It's simply very difficult to get enough drug on board and keep that target covered. With a degrader, one degrader molecule can destroy thousands of targets within the cell, and it's catalytic. So I think there's a lot of reasons to believe the scaffolding function, the catalytic nature of our degraders, that we're gonna be in a different class, and that we could bring success to autoimmune indications.
Yes. I also think that's very notable in your dose response. When you show your preclinical data, all levels of BTK go to zero.
Yes.
Yeah, that's a proof of concept for catalytic activity. So just generally, when it comes to your discussions with investors, have you gotten pushback because of recent failures in the autoimmune space, or is that like a reason to believe?

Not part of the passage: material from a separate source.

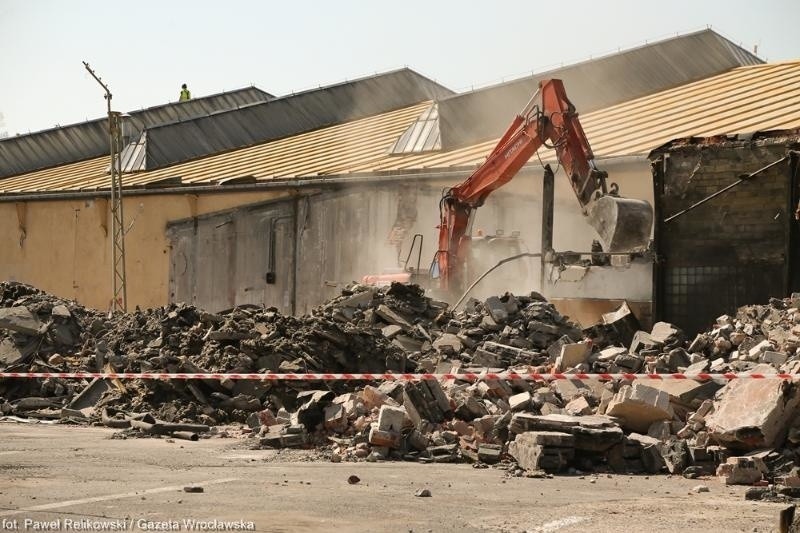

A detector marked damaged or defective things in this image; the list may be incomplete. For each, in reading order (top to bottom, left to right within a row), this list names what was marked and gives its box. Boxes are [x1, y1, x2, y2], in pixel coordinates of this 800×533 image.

broken concrete slab [608, 382, 676, 432]
broken concrete slab [708, 378, 800, 448]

It's been more of a reason to believe. When they look at the total body of evidence that we already have built in oncology and the absolute potency of our degrader agents, people are very encouraging. Our investors are very encouraging in terms of going into autoimmune disease. Now, we're going quite methodically over this year to evaluate the opportunity to file an autoimmune IND for NX-5948, and we'll be updating that in the second half, updating everyone in the second half. But people are very enthusiastic for being the first BTK degrader to enter autoimmune disease.
Currently, you have not guided to a specific indication. Should we expect focus to be CNS involvement indications because of the brain penetrance, or this is an open question?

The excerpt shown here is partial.